Short descriptive text snippets:

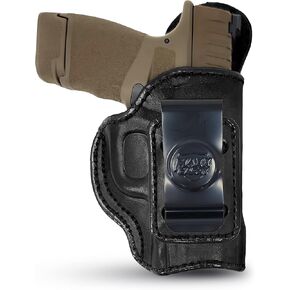 Genuine Leather Iwb Holster for Springfield Hellcat Pistol - Tactical Handgun Iwb Leather Holster Springfield Hellcat - Comfortable Appendix - Maxx Carry Holsters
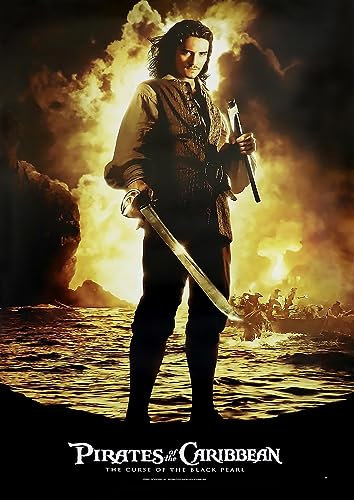 Close Up Fluch der Karibik Poster Orlando Bloom mit Schwert (68,5cm x 98cm)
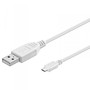 Original Goobay Micro USB Datenkabel weiss 
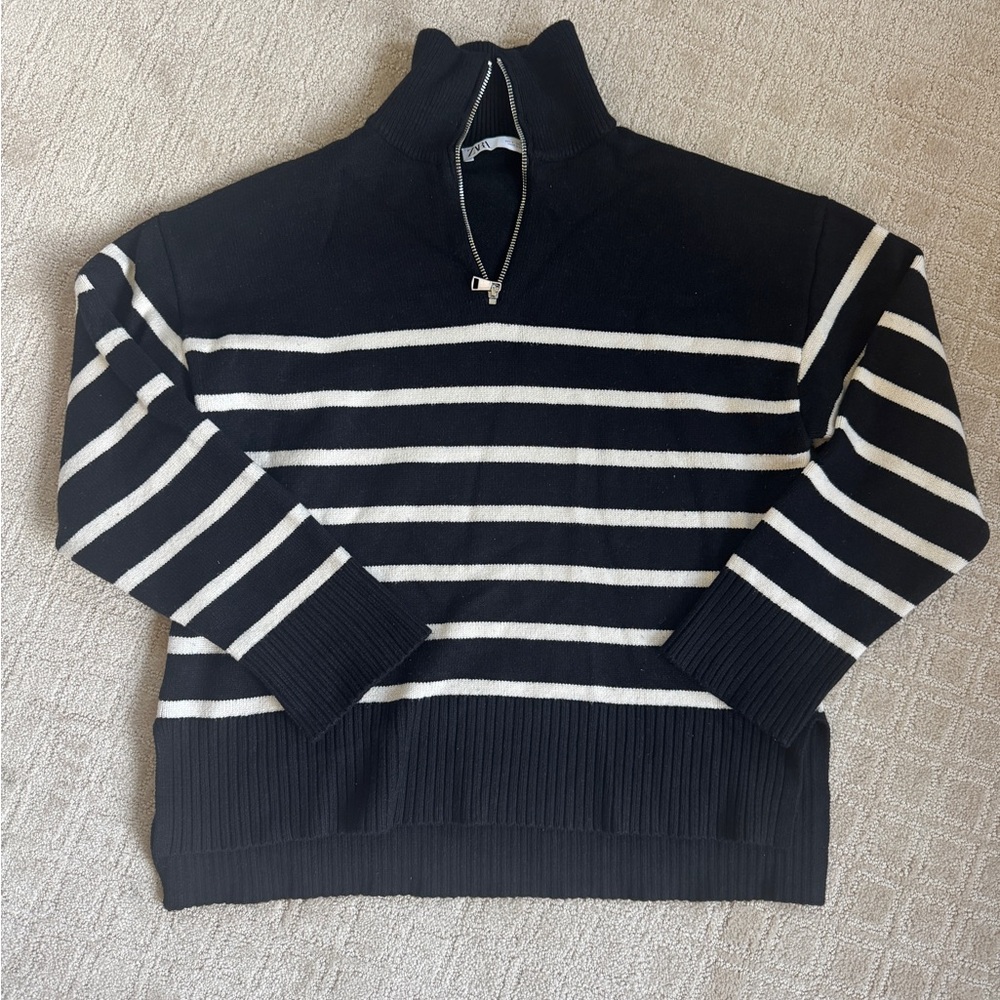 Zara striped sweater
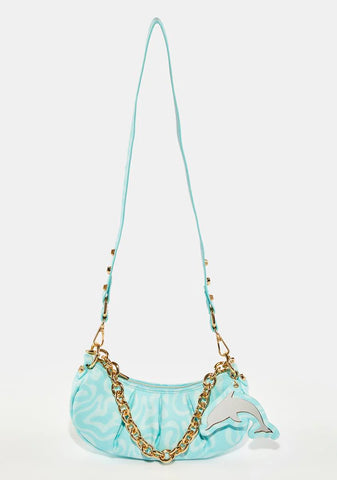 Denver Dolphin Swirl Shoulder Bag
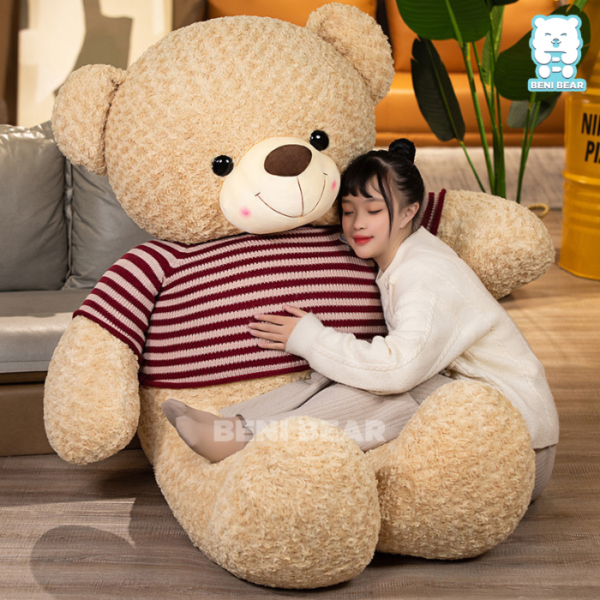 Gấu Teddy Lông Xoắn Vanila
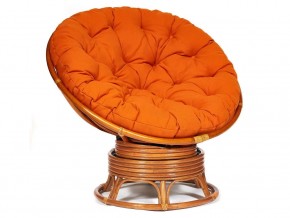 Кресло-качалка Papasan w 23/01 B с подушкой Cognac, ткань Оранжевый в Артёмовском - artyomovskij.magazin-mebel74.ru | фото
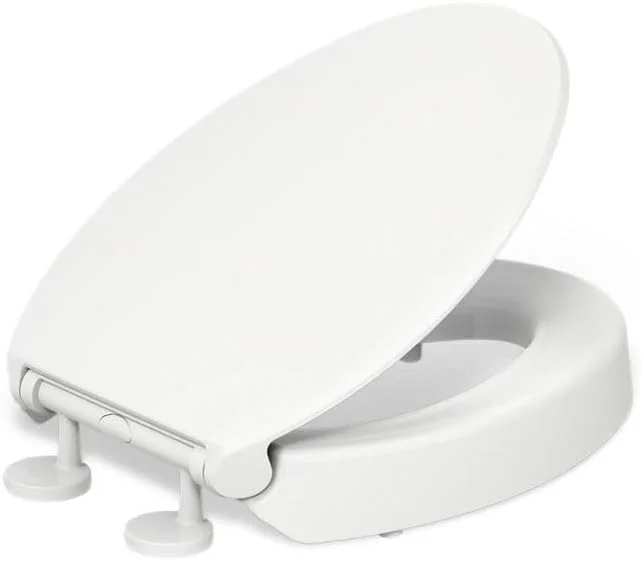 KOHLER Hyten Elevated Soft Close Elongated Toilet Seat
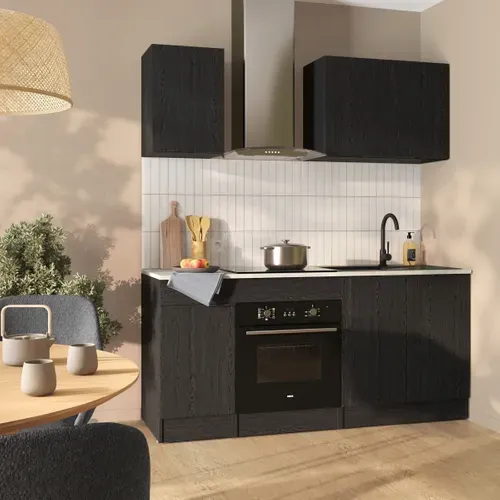 Mitigeur CORNWALL Noir mat vue d'ambiance 1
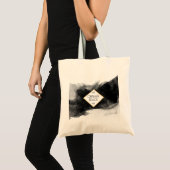 Tote Bag Aquarelle noire noire orpheline (Devant (produit))
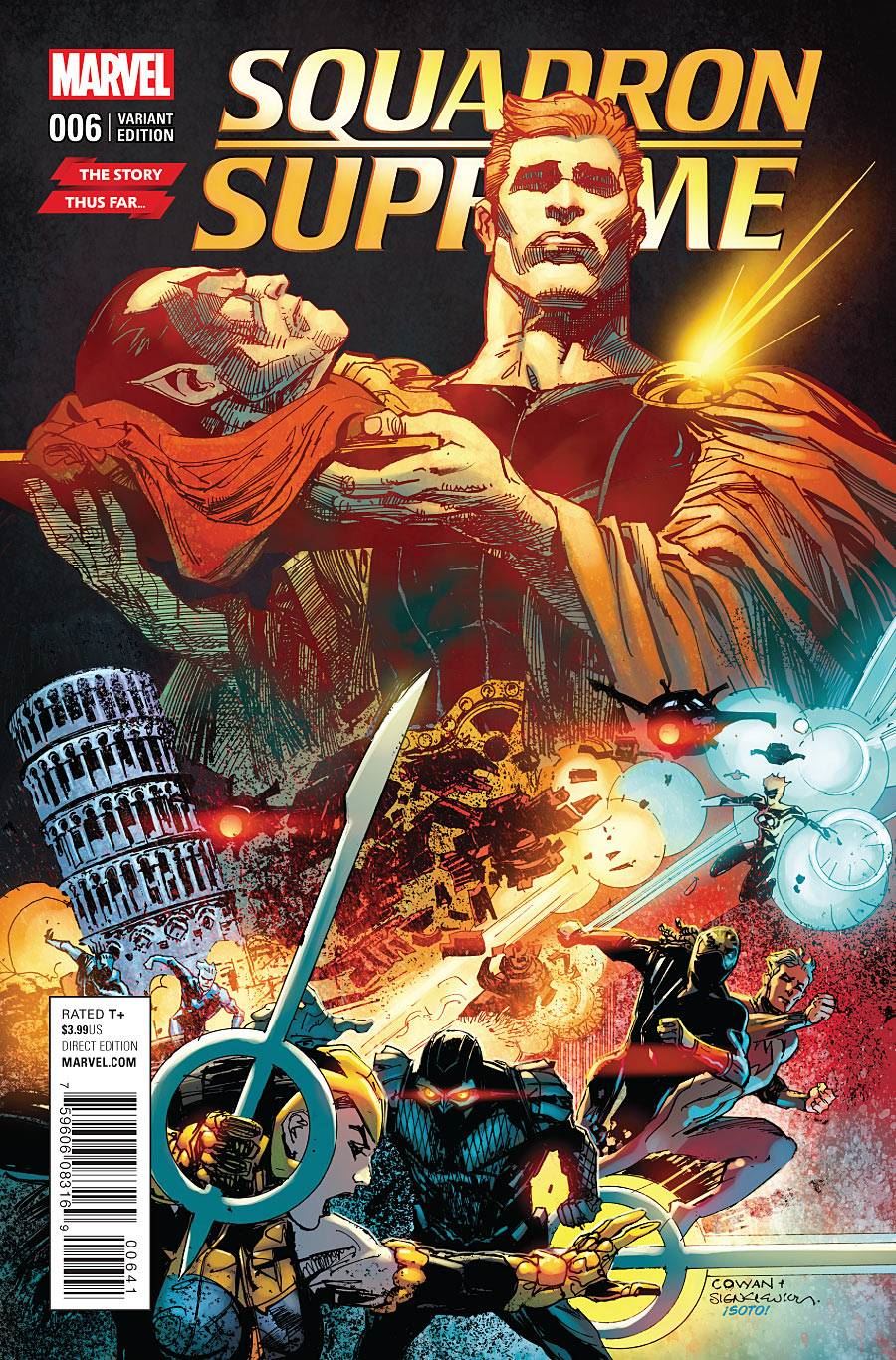Squadron Supreme #6 Story Thus Far Var (Story Thus Far Var) Marvel Comics Comic Book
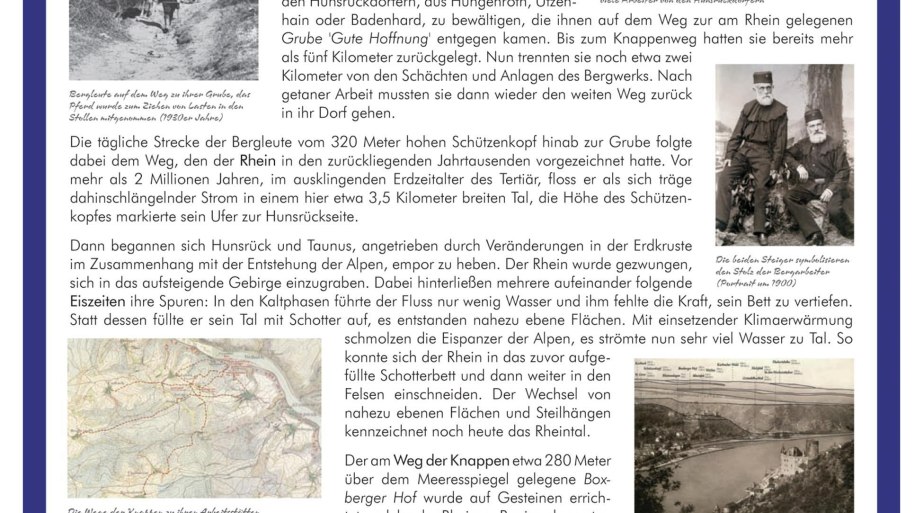 Infotalfel am Erzweg | © J. Gödert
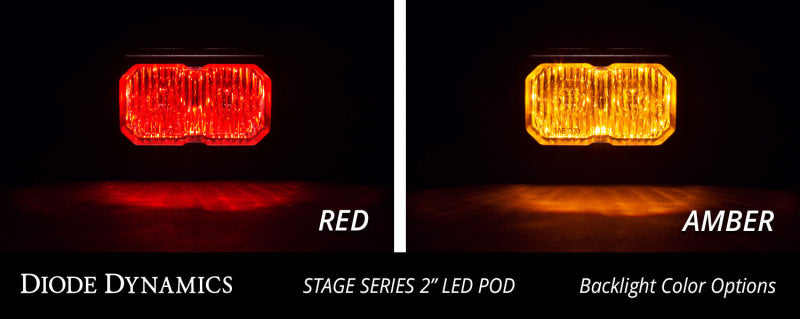 Diode Dynamics Stage Series 2 In LED Pod Sport - White Driving Standard ABL Each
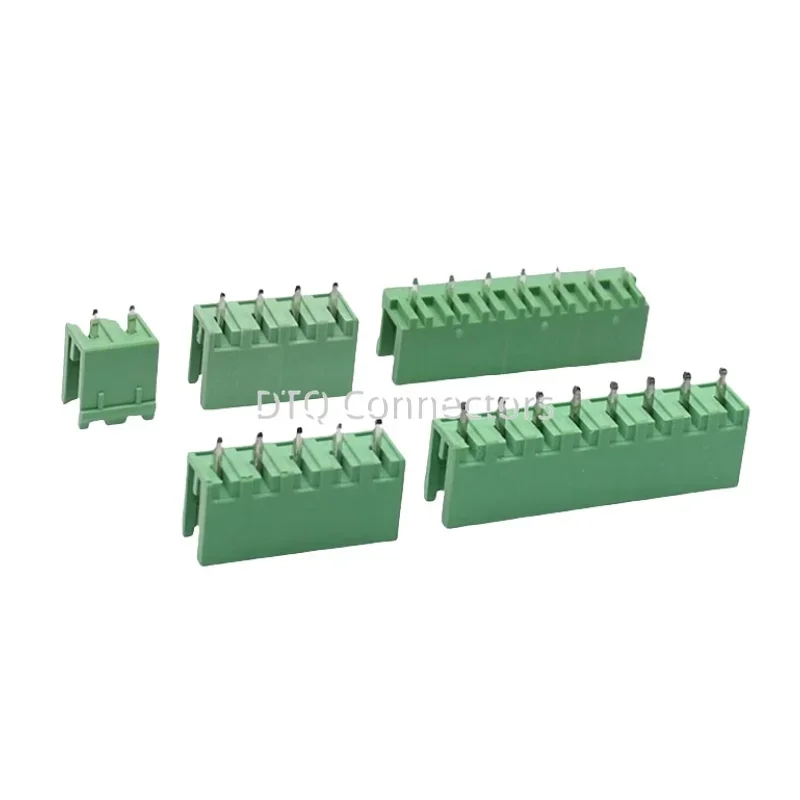 10PCS/LOT 5.08mm Pitch KF2EDG Terminal Block 2/3/4/5/6/7/8/9/10/11/12/13/14/15/16 Pin PCB Screw Connector Socket 2EDG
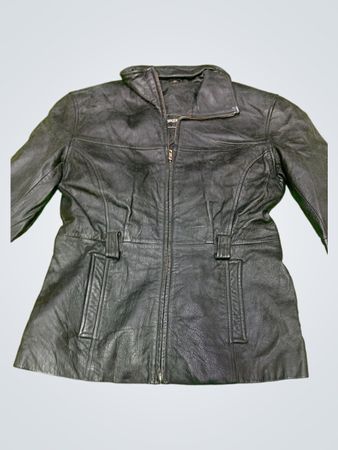 Quibrok Black Leather Jacket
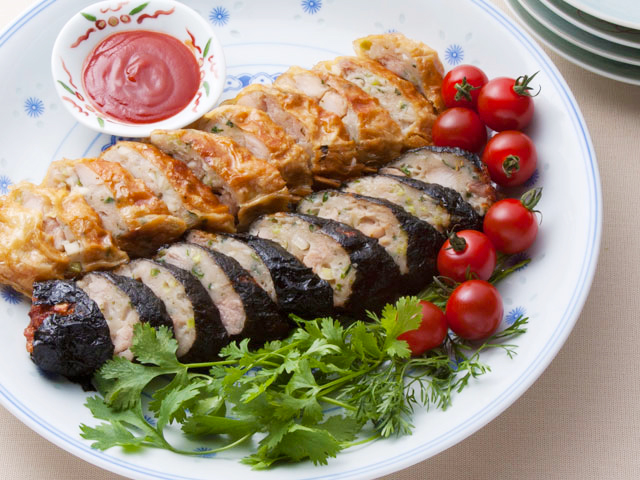 ウィニーさんの鶏捲(ジーチュエン)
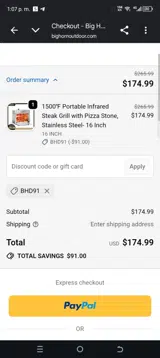 BHD91 coupon verification screenshot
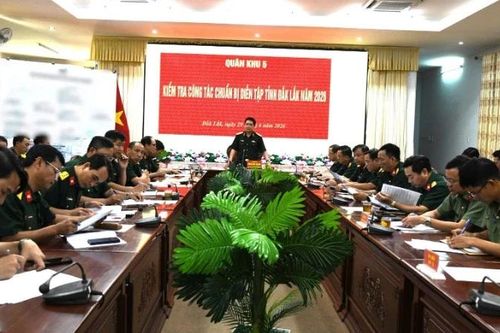 Quân khu 5 kiểm tra công tác chuẩn bị diễn tập tỉnh Đắk Lắk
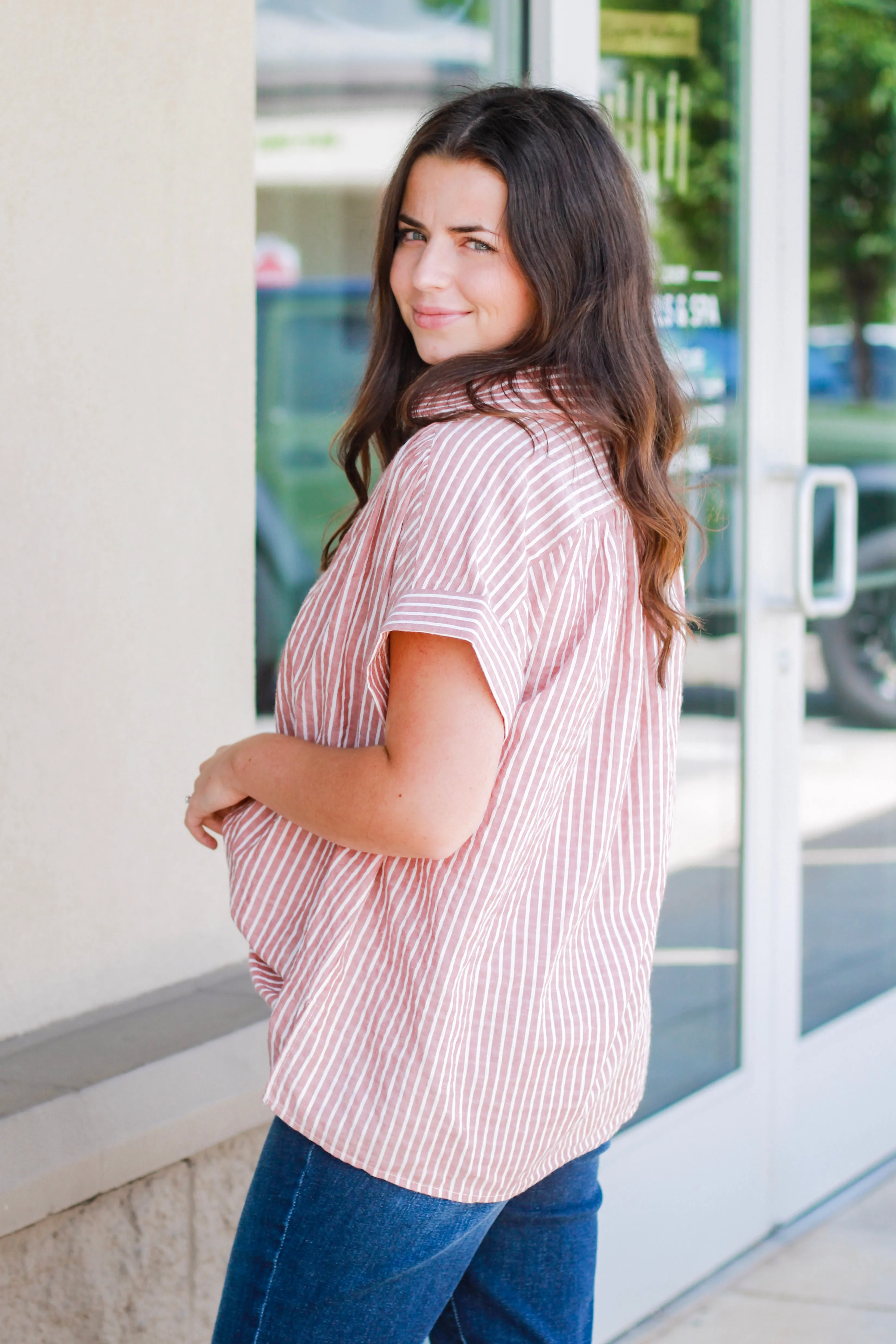Falling for Stripes Blouse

Work request | Would you copy every entry exactly as it stands, leaving out the pictures?

Result for this exercise |
 Genuine Leather Iwb Holster for Springfield Hellcat Pistol - Tactical Handgun Iwb Leather Holster Springfield Hellcat - Comfortable Appendix - Maxx Carry Holsters
 Close Up Fluch der Karibik Poster Orlando Bloom mit Schwert (68,5cm x 98cm)
 Original Goobay Micro USB Datenkabel weiss 
 Zara striped sweater
 Denver Dolphin Swirl Shoulder Bag
 Gấu Teddy Lông Xoắn Vanila
 Кресло-качалка Papasan w 23/01 B с подушкой Cognac, ткань Оранжевый в Артёмовском - artyomovskij.magazin-mebel74.ru | фото
 KOHLER Hyten Elevated Soft Close Elongated Toilet Seat
 Mitigeur CORNWALL Noir mat vue d'ambiance 1
 Tote Bag Aquarelle noire noire orpheline (Devant (produit))
Squadron Supreme #6 Story Thus Far Var (Story Thus Far Var) Marvel Comics Comic Book
 Infotalfel am Erzweg | © J. Gödert
 Diode Dynamics Stage Series 2 In LED Pod Sport - White Driving Standard ABL Each
 10PCS/LOT 5.08mm Pitch KF2EDG Terminal Block 2/3/4/5/6/7/8/9/10/11/12/13/14/15/16 Pin PCB Screw Connector Socket 2EDG
 Quibrok Black Leather Jacket
 ウィニーさんの鶏捲(ジーチュエン)
 BHD91 coupon verification screenshot
 Quân khu 5 kiểm tra công tác chuẩn bị diễn tập tỉnh Đắk Lắk
Falling for Stripes Blouse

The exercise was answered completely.